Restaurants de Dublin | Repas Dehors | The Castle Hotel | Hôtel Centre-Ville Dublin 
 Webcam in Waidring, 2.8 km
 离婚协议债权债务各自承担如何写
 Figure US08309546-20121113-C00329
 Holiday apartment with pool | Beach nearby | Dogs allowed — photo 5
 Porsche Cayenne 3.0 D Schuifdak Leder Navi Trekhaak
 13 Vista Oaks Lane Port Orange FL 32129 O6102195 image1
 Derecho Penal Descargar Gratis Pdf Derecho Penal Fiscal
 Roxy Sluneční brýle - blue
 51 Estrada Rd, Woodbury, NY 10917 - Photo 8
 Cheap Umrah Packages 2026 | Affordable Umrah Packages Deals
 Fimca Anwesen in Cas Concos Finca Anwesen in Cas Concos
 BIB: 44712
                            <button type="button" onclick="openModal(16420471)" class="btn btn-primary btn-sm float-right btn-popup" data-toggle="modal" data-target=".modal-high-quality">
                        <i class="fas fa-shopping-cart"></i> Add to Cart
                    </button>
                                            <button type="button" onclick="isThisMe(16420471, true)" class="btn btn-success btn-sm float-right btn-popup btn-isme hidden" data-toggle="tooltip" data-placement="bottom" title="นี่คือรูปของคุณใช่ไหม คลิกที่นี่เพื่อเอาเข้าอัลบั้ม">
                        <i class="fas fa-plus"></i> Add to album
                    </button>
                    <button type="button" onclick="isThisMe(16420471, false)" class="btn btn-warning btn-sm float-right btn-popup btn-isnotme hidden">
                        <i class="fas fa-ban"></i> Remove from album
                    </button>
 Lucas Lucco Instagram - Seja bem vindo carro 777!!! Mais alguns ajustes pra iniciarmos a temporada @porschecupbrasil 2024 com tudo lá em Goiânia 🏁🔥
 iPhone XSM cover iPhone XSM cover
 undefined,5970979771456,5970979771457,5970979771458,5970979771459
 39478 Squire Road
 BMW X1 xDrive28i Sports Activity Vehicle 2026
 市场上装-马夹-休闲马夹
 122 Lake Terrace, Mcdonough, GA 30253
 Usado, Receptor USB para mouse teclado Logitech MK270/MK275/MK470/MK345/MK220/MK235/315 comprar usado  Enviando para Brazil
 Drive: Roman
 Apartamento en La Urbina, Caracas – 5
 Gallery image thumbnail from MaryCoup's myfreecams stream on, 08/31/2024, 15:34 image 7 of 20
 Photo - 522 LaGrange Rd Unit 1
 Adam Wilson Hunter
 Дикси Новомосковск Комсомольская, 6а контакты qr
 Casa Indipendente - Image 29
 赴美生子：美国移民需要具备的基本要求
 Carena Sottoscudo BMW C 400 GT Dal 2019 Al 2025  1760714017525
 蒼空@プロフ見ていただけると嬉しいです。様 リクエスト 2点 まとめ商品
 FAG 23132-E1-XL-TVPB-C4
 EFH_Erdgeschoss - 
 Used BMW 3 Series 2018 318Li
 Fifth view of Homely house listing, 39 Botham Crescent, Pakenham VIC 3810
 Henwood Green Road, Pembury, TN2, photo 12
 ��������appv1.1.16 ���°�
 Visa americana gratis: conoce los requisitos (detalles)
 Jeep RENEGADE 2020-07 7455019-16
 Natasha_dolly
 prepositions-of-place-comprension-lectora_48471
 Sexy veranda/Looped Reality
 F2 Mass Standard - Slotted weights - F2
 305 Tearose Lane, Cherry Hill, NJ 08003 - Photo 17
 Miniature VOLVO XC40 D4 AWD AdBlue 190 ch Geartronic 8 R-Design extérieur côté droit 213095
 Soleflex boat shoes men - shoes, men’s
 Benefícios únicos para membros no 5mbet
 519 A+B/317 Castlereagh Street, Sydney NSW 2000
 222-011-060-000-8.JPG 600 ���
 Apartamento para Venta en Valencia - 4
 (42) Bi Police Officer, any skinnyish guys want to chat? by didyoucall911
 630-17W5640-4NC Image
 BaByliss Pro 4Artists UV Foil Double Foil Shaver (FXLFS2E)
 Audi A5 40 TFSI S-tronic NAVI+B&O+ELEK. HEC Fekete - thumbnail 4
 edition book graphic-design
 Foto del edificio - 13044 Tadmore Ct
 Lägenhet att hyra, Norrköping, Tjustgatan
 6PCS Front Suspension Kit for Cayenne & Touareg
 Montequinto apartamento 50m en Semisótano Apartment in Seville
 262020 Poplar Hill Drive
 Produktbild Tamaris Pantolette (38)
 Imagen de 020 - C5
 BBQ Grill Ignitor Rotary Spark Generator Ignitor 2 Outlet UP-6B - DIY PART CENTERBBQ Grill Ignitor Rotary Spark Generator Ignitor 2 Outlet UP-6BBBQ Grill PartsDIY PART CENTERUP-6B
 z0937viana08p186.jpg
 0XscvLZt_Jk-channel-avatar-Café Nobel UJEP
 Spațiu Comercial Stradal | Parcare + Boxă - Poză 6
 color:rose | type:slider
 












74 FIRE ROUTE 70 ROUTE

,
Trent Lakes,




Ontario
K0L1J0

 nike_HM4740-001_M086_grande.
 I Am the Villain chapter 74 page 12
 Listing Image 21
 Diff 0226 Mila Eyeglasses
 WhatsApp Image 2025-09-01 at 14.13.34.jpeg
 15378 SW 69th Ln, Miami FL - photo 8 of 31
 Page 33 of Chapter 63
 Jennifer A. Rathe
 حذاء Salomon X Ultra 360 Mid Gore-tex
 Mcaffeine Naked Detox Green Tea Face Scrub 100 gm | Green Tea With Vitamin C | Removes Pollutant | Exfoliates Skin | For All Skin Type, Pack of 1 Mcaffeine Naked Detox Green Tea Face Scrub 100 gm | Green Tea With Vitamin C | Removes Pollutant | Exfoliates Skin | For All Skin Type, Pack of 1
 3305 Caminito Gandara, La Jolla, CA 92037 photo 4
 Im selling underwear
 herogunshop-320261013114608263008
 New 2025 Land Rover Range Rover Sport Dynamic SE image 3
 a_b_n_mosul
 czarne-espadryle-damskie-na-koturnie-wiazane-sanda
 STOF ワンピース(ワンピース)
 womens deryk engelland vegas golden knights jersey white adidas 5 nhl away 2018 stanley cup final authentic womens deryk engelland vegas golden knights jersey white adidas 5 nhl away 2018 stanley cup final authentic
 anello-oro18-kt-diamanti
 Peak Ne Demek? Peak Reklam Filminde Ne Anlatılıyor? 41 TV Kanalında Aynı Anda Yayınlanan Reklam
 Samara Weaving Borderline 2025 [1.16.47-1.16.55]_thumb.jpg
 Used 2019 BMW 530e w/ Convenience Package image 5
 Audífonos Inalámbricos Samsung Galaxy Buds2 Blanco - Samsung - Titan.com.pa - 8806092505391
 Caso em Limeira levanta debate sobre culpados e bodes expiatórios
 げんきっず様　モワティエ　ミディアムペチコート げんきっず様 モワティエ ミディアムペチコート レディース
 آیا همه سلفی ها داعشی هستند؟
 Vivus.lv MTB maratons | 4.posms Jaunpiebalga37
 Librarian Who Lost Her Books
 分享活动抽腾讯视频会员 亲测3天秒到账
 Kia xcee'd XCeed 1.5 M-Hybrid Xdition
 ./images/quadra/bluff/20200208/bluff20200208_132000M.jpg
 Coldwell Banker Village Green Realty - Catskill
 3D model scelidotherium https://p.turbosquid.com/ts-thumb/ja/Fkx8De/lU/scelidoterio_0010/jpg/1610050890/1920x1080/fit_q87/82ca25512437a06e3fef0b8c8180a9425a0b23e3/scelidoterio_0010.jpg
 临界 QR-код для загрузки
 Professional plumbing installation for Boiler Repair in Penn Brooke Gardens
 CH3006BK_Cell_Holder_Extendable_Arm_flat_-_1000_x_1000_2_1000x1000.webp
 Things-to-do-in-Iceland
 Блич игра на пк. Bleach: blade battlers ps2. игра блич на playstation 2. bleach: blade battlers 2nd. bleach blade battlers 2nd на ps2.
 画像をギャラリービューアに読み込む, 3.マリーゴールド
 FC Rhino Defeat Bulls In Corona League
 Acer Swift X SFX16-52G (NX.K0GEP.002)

- AIM OF THE EXERCISE: Reproduce, exactly as they stand in the data above, the lines from the one that holds "74 FIRE ROUTE 70 ROUTE" to the one that holds "临界 QR-код для загрузки", inclusive.

- FINISHED EXERCISE:
74 FIRE ROUTE 70 ROUTE

,
Trent Lakes,




Ontario
K0L1J0

 nike_HM4740-001_M086_grande.
 I Am the Villain chapter 74 page 12
 Listing Image 21
 Diff 0226 Mila Eyeglasses
 WhatsApp Image 2025-09-01 at 14.13.34.jpeg
 15378 SW 69th Ln, Miami FL - photo 8 of 31
 Page 33 of Chapter 63
 Jennifer A. Rathe
 حذاء Salomon X Ultra 360 Mid Gore-tex
 Mcaffeine Naked Detox Green Tea Face Scrub 100 gm | Green Tea With Vitamin C | Removes Pollutant | Exfoliates Skin | For All Skin Type, Pack of 1 Mcaffeine Naked Detox Green Tea Face Scrub 100 gm | Green Tea With Vitamin C | Removes Pollutant | Exfoliates Skin | For All Skin Type, Pack of 1
 3305 Caminito Gandara, La Jolla, CA 92037 photo 4
 Im selling underwear
 herogunshop-320261013114608263008
 New 2025 Land Rover Range Rover Sport Dynamic SE image 3
 a_b_n_mosul
 czarne-espadryle-damskie-na-koturnie-wiazane-sanda
 STOF ワンピース(ワンピース)
 womens deryk engelland vegas golden knights jersey white adidas 5 nhl away 2018 stanley cup final authentic womens deryk engelland vegas golden knights jersey white adidas 5 nhl away 2018 stanley cup final authentic
 anello-oro18-kt-diamanti
 Peak Ne Demek? Peak Reklam Filminde Ne Anlatılıyor? 41 TV Kanalında Aynı Anda Yayınlanan Reklam
 Samara Weaving Borderline 2025 [1.16.47-1.16.55]_thumb.jpg
 Used 2019 BMW 530e w/ Convenience Package image 5
 Audífonos Inalámbricos Samsung Galaxy Buds2 Blanco - Samsung - Titan.com.pa - 8806092505391
 Caso em Limeira levanta debate sobre culpados e bodes expiatórios
 げんきっず様　モワティエ　ミディアムペチコート げんきっず様 モワティエ ミディアムペチコート レディース
 آیا همه سلفی ها داعشی هستند؟
 Vivus.lv MTB maratons | 4.posms Jaunpiebalga37
 Librarian Who Lost Her Books
 分享活动抽腾讯视频会员 亲测3天秒到账
 Kia xcee'd XCeed 1.5 M-Hybrid Xdition
 ./images/quadra/bluff/20200208/bluff20200208_132000M.jpg
 Coldwell Banker Village Green Realty - Catskill
 3D model scelidotherium https://p.turbosquid.com/ts-thumb/ja/Fkx8De/lU/scelidoterio_0010/jpg/1610050890/1920x1080/fit_q87/82ca25512437a06e3fef0b8c8180a9425a0b23e3/scelidoterio_0010.jpg
 临界 QR-код для загрузки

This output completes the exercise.